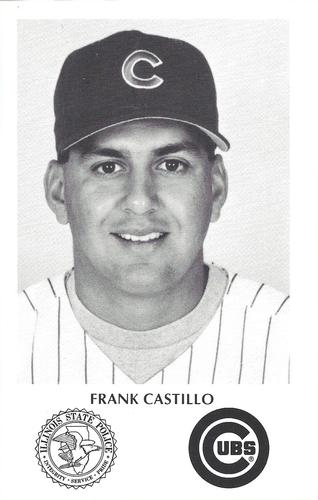 1995 Chicago Cubs Police #NNO Frank Castillo Front
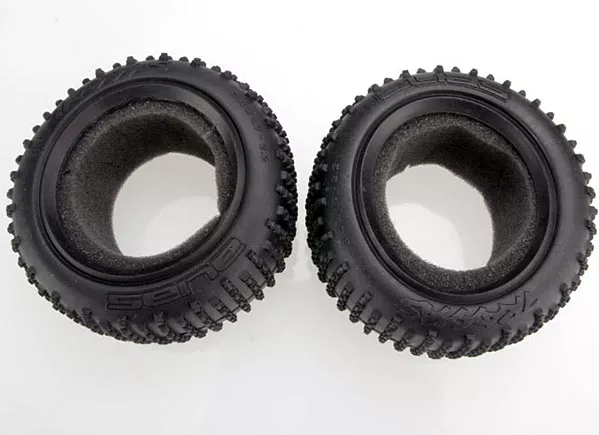 Traxxas 2.2 Alias Tires, Rear, with Foam Inserts (Soft Compound) (2)
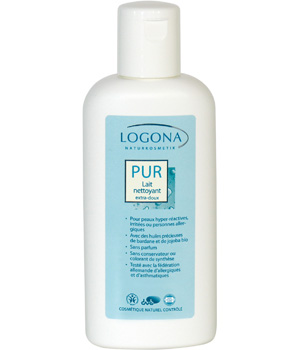 Logona Lait nettoyant LOGONA Pur 150ml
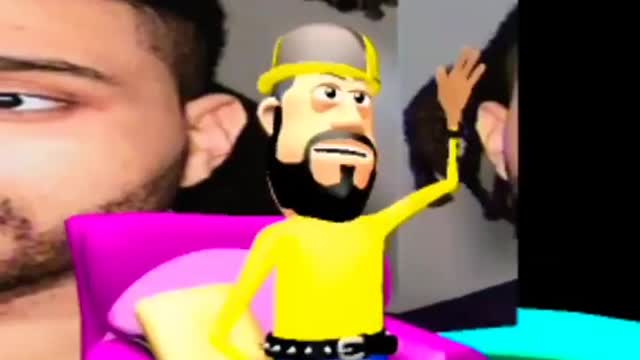 Funny Cartoon Animation About Dj Akademiks, The Weekend & Dunkin Donuts 😄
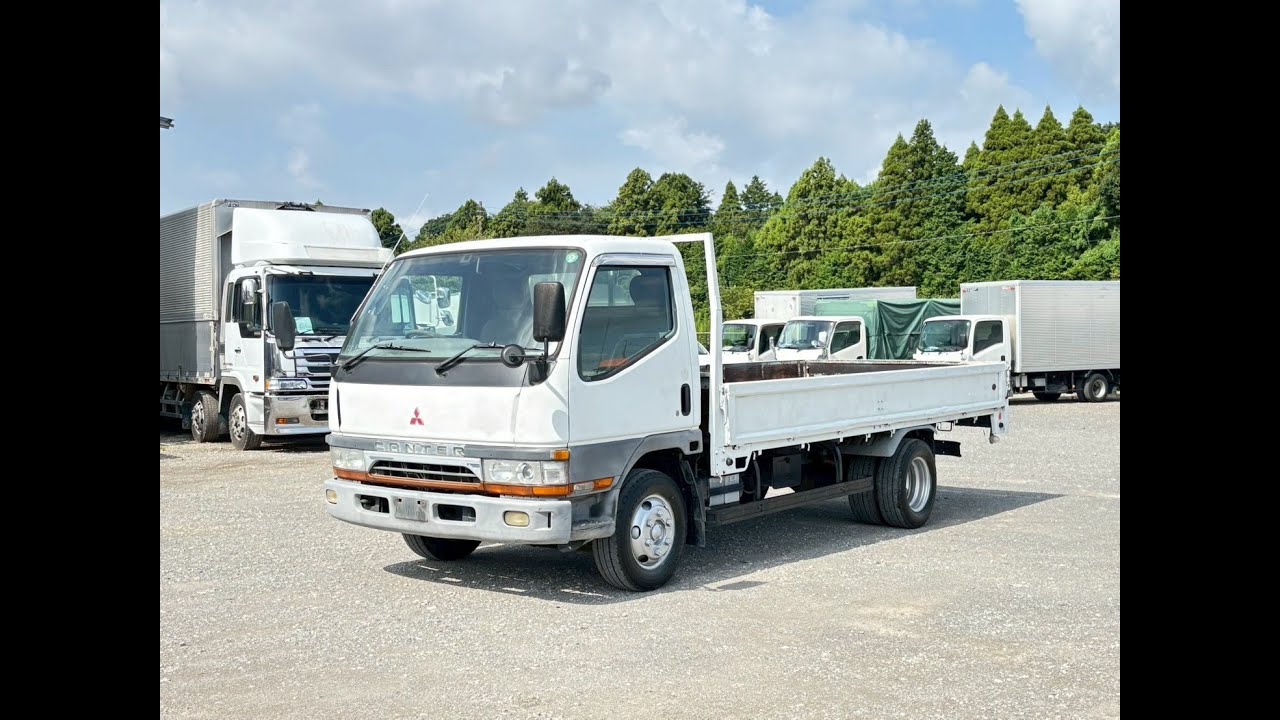 1997 Model, Mitsubishi Canter Truck 4D35 Engine, 6 studs, 3.5 ton !!
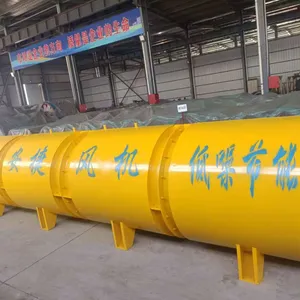 SDF(A)№8.0-2x55kw Tunnel Fans Highway Construction Tunnel Explosion-proof High Pressure Tunnel Local Ventilators thumbnail-3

- - - - -

YOUR INSTRUCTIONS: Up to and including the line with "1997 Model, Mitsubishi", repeat every line from the top of the entries exactly, but not the pictures.

EXERCISE RESPONSE:
 1995 Chicago Cubs Police #NNO Frank Castillo Front
 Traxxas 2.2 Alias Tires, Rear, with Foam Inserts (Soft Compound) (2)
 Logona Lait nettoyant LOGONA Pur 150ml
 Funny Cartoon Animation About Dj Akademiks, The Weekend & Dunkin Donuts 😄
 1997 Model, Mitsubishi Canter Truck 4D35 Engine, 6 studs, 3.5 ton !!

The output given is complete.